YOUR TASK
Every line below between the line holding "Soft ballet flats with buckle" and the line holding "Photo of property", inclusive, should be repeated exactly, and all other lines omitted.

DATA SECTION

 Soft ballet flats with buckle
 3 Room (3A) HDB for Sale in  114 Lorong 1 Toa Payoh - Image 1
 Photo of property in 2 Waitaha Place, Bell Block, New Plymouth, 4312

* * *

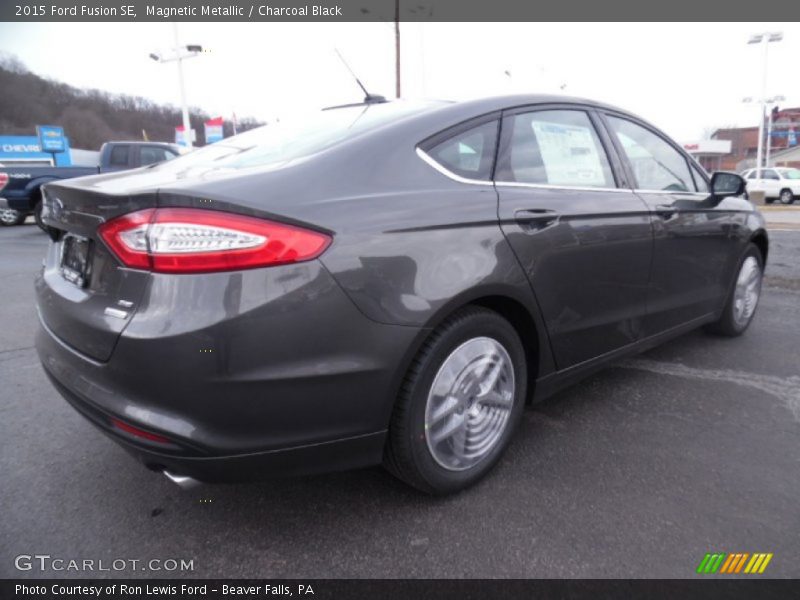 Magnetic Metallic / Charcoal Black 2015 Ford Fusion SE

SOLUTION FOR THIS EXERCISE
 Soft ballet flats with buckle
 3 Room (3A) HDB for Sale in  114 Lorong 1 Toa Payoh - Image 1
 Photo of property in 2 Waitaha Place, Bell Block, New Plymouth, 4312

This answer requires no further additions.